WHAT YOU ARE ASKED TO DO:
Your answer must be the data repeated exactly, with no pictures in it.

INFORMATION PROVIDED:
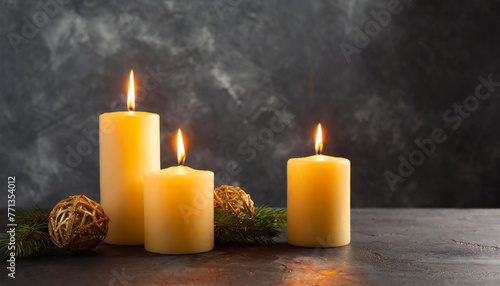 Burning candles on dark background. front view.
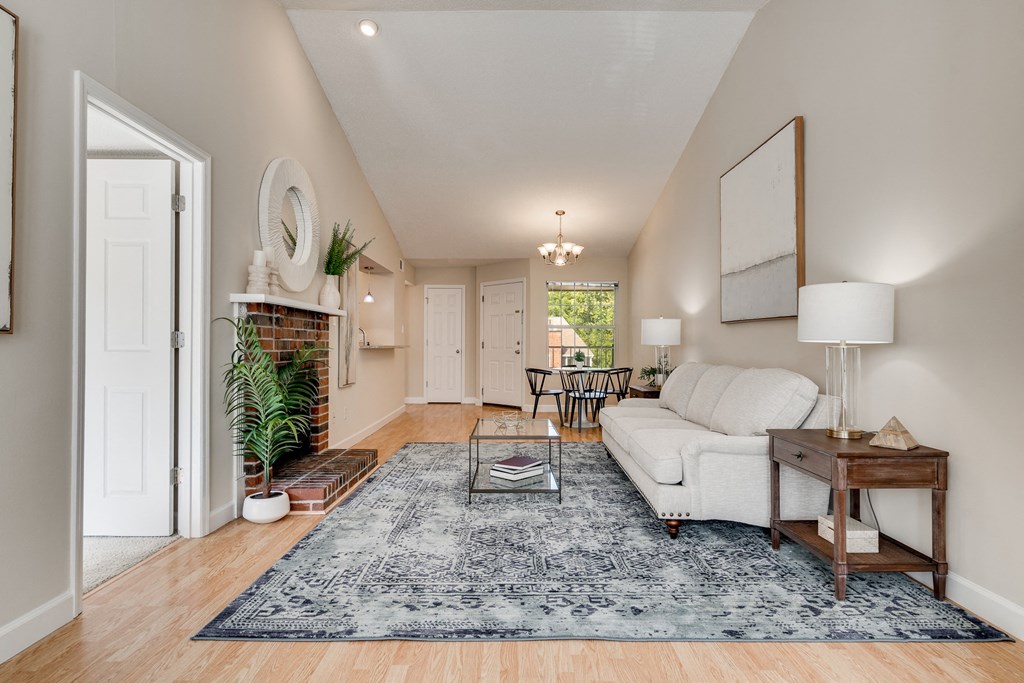 Living Room With Wood-Style Flooring & Fireplace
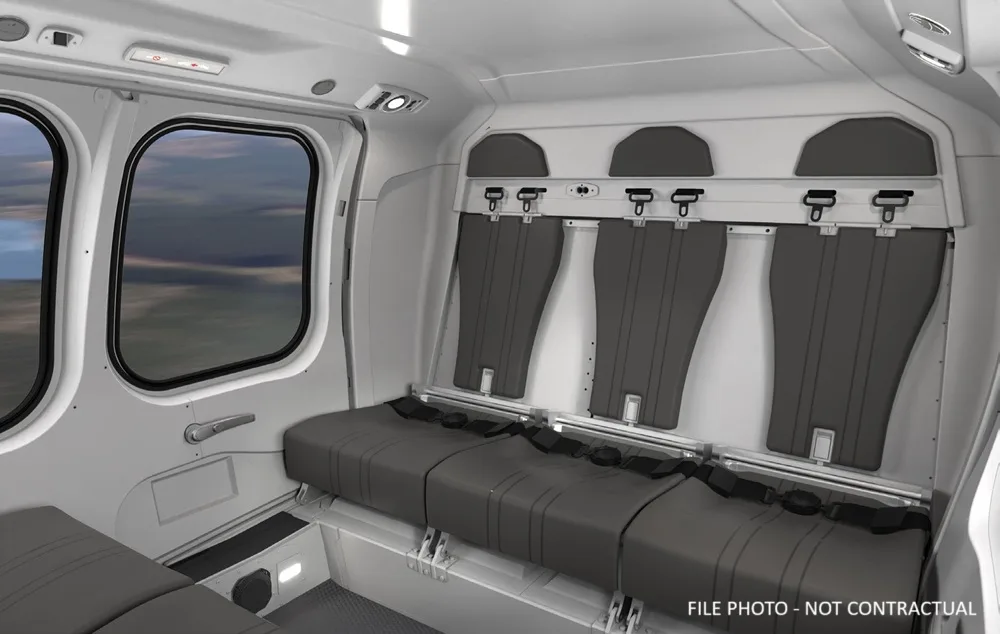 Interior view of the helicopter cabin with grey seats.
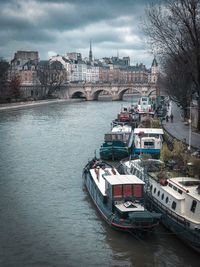 Bridge over river by buildings against sky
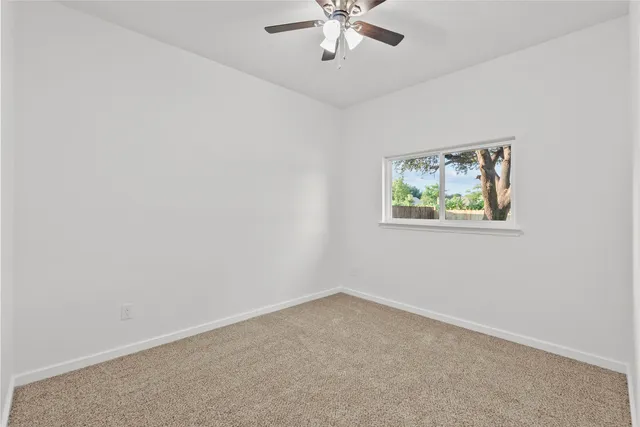 an empty room with a window and a chandelier fan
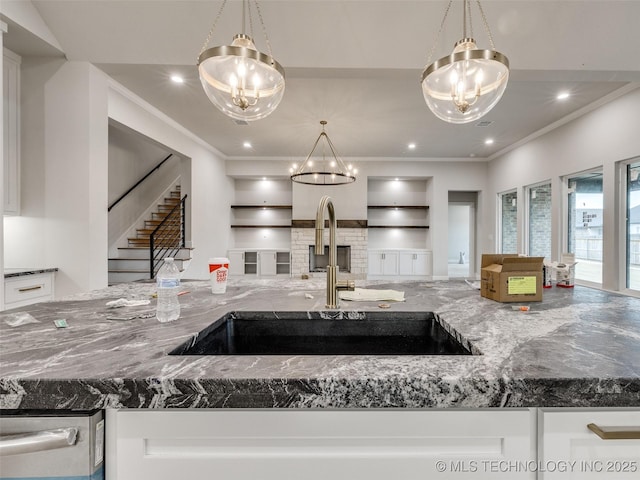 kitchen with dark stone countertops, pendant lighting, sink, crown molding, and white cabinets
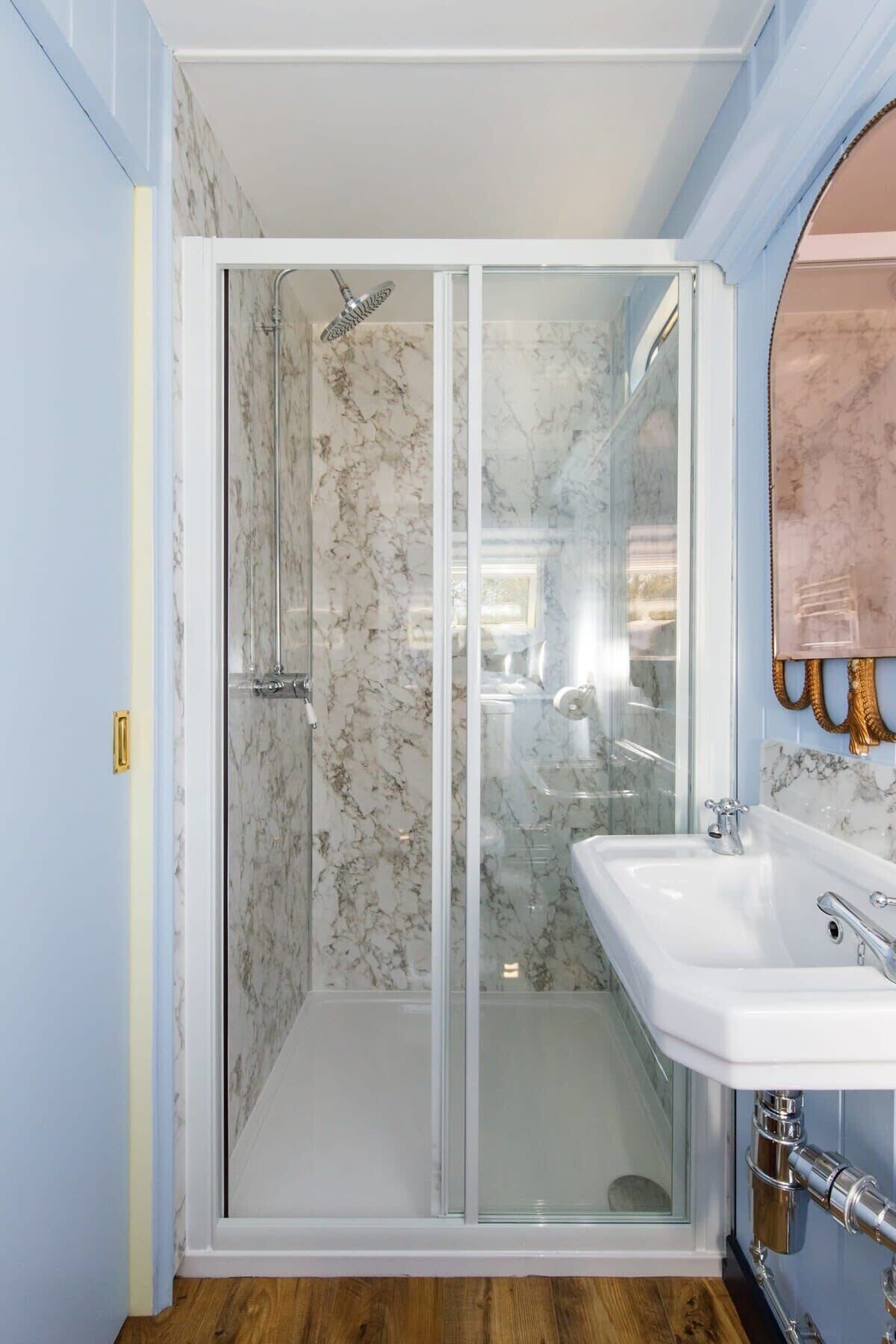 Un baño con cabina de ducha de vidrio, pared de ducha con mosaicos de mármol y lavamanos blanco con grifo dorado.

ANSWER TO THE EXERCISE:
 Burning candles on dark background. front view.
 Living Room With Wood-Style Flooring & Fireplace
 Interior view of the helicopter cabin with grey seats.
 Bridge over river by buildings against sky
 an empty room with a window and a chandelier fan
 kitchen with dark stone countertops, pendant lighting, sink, crown molding, and white cabinets
 Un baño con cabina de ducha de vidrio, pared de ducha con mosaicos de mármol y lavamanos blanco con grifo dorado.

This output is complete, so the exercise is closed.